Cultivating experiences, new experiences, being curious about your surroundings, and maybe even about your own brain and mind. That is inviting opportunities, creating, curating opportunities, to learn something new. It is similar to exercise in that it’s expensive. It’s not always fun, like exposing yourself to ideas. It’s not always enjoyable, in that you could be exposing yourself to ideas that violate deeply held beliefs, or you might be trying to curate a really challenging experience. But in the end, it’s a great investment because really what you’re doing is you’re seeding your brain to have more opportunities for flexibility in predicting the future, in a really automatic way. The more you practice curating new experiences for yourself, the more automatic those experiences will become in generating predictions in the future.

This is my long-winded way of saying I wouldn’t necessarily always try to focus on positivity or what’s pleasant. I might try to focus on what’s curious or cultivating curiosity or cultivating wonder or cultivating an interest in learning something new about yourself or about other people or about the world. These are the things that will increase the probability that you will have flexibility in what you think and how you feel in the future.

2b) Have you personally used the insight to experience things differently, mindful of how it might affect the future?

Absolutely. I have to tell you that I came to this practice really very, very skeptical. I am a scientist by training, and so nobody had to train me to be skeptical.
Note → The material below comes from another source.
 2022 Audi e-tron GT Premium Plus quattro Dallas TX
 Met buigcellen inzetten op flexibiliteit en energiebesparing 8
I think I’m a scientist because I’m inherently skeptical. When I started to read research papers about cultivating gratitude, compassion, or experiences of awe and wonder and that these things are really good for your health and good for your well-being—I was skeptical of that. But then the weight of the evidence started to become pretty clear. Once I really understood the neuroscientific basis, it became obvious to me that many of these practices are a really good idea. And in fact, it works! It’s not always easy, but it works. I’ll give you an example. I practice just for five minutes a day, and it’s never necessarily the same time of day, but whenever there’s an opportunity to experience awe or wonder at something, I do it.
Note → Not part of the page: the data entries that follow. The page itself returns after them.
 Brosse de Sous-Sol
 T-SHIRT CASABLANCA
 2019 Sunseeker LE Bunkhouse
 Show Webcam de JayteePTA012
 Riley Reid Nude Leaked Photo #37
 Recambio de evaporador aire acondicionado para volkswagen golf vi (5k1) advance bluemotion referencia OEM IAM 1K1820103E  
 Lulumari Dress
Sometimes it’s just looking up at the sky, at beautiful clouds, or the stars. If I were by an ocean, it might be looking out at the waves. It can even be something if I’m taking my daily walk, and I see a weed like a dandelion poking through the crack of a sidewalk, I can cultivate an experience of awe at the awesome power of nature to be unconstrained by human attempts to contain it. Or if I’m having a Zoom meeting that falls apart, because I lose an internet connection because some satellite moved somewhere, or my computer freezes or what have you. I try in those moments to remember to cultivate an experience of awe because I have to remember that even if my connections to the person who I’m speaking to in Belgium or England or China is really shitty. I’m still talking to somebody in England or in China, or in Belgium, and I can see their faces, and it might be blurry, but I can still see their faces. Isn’t that amazing?

Because even ten years ago, that might not have really been something that we just assumed that we could do every day. There’s a lot of evidence to suggest that experiencing awe, experiencing yourself as a speck for a minute or two, really gives your nervous system a break. Because if other things are more majestic than you and you’re just a speck, that means your problems are just a speck. And just for a minute, if your problems are recognized as unimportant that actually gives your nervous system a break. It just lets you readjust and put things in perspective.
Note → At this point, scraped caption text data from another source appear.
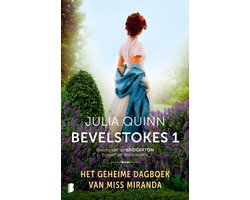 Bevelstokes 1 - Het geheime dagboek van miss Miranda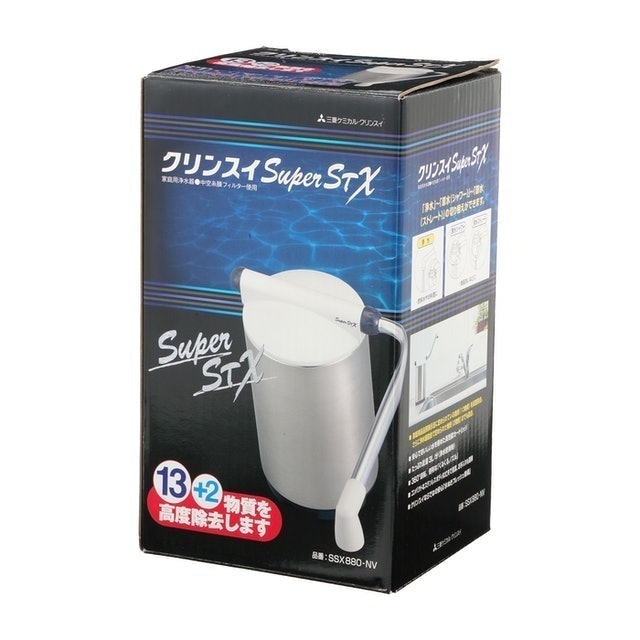 置放型除菌淨水器 2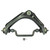 Image set of XRF Chassis K620224 Front Right Upper Control Arm and Ball Joint Assembly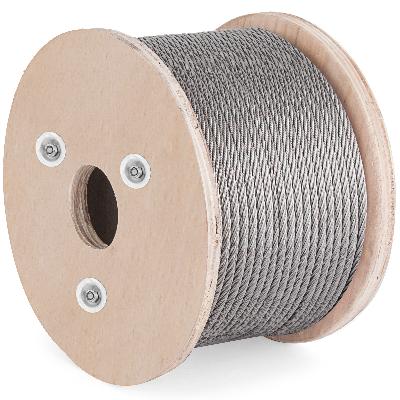 Stainless Steel Wire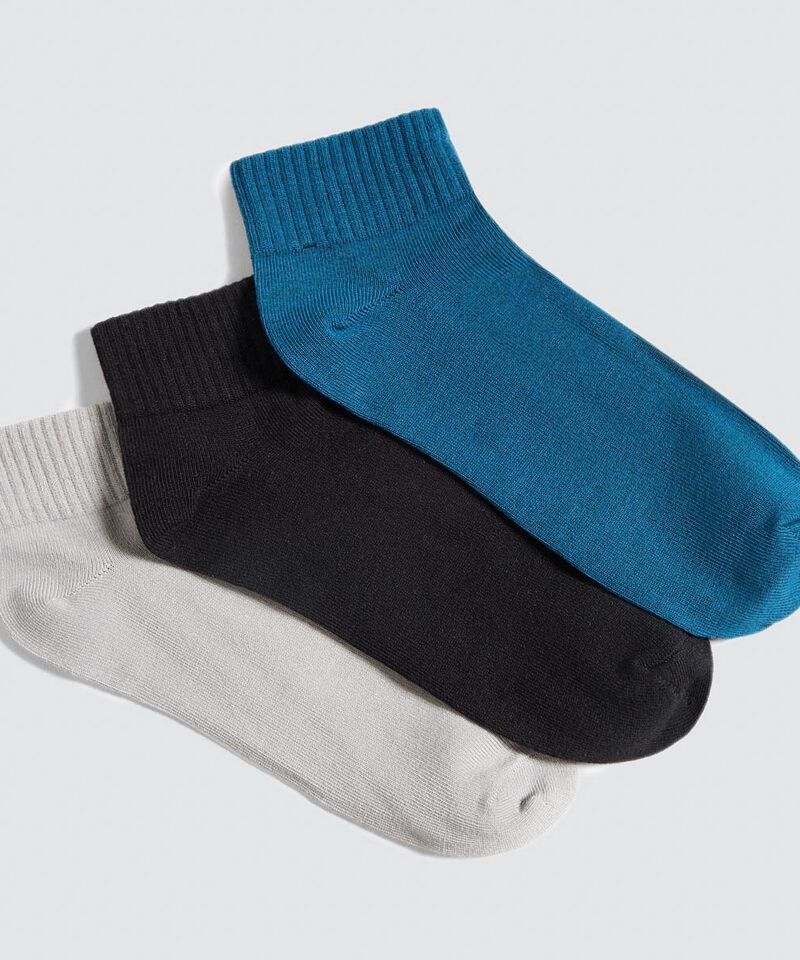 medias para hombre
It doesn’t always have to be a positive, emotional experience. You can look, there is a huge catalog of experiences available to the human mind, in our culture and other cultures, and some may be really appealing to you, and you can practice them. Like driving—you practice something hard like learning to drive; at first, it is really hard, and then eventually, you get pretty automatic about it. Cultivating emotional experience can be viewed the same way.

3) In your latest book, you give some great examples of how we use metaphors to explain complex concepts in the hope of making them easier to understand. In my upcoming book, I use dopamine and oxytocin as metaphorical guideposts—comparing perceived fun through activities that primarily trigger dopamine (e.g., solitary social media consumption) juxtaposed with fun prosocial activities that presumably release both dopamine and oxytocin (e.g., coffee with a friend). I theorize that many of us feel empty because we are over-engaging in activities that our minds perceive as pleasurable but ultimately leave us empty because we miss the opportunity for oxytocin without real interaction with others. How does the underlying neuroscience support or contradict this metaphor? And how does body budgeting potentially support the distinction between artificial connection and true prosocial behavior?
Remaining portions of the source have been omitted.